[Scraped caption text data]
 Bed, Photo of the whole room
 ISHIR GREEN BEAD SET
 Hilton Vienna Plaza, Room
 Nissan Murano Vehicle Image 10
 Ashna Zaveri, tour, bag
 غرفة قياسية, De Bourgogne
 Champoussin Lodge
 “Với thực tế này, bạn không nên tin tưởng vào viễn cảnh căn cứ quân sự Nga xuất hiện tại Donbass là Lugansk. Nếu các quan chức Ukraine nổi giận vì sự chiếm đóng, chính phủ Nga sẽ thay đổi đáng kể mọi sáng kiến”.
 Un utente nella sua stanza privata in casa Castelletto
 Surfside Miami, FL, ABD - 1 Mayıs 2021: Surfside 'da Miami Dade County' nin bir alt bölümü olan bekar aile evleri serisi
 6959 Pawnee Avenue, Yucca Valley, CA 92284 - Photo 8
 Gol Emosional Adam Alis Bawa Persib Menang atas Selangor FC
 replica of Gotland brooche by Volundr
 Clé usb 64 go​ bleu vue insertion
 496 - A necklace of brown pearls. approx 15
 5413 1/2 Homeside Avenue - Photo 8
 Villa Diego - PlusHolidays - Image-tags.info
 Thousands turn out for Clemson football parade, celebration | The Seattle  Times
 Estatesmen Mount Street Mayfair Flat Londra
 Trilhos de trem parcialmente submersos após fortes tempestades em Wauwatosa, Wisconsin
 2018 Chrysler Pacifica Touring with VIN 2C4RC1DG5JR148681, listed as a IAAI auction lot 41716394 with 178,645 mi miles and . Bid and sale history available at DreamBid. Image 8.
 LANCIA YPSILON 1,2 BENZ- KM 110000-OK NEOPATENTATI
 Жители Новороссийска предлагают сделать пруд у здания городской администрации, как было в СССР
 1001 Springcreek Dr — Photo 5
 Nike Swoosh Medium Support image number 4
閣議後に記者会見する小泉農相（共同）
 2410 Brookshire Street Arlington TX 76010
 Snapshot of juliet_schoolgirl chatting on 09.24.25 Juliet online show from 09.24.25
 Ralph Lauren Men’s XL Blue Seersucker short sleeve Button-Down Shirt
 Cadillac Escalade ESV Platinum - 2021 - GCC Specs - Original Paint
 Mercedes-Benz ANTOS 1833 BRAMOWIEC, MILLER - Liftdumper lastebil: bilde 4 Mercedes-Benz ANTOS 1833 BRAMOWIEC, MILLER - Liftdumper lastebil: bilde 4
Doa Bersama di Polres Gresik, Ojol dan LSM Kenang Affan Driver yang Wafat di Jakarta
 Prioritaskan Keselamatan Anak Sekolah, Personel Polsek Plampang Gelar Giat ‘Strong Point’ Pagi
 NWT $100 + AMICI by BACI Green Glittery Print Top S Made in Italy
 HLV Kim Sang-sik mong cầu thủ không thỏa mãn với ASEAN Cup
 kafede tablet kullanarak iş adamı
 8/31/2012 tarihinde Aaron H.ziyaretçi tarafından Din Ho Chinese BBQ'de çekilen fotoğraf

TASK REQUIREMENTS
Where a line above contains the string "Avenue", copy that line.

COMPLETED EXERCISE
 6959 Pawnee Avenue, Yucca Valley, CA 92284 - Photo 8
 5413 1/2 Homeside Avenue - Photo 8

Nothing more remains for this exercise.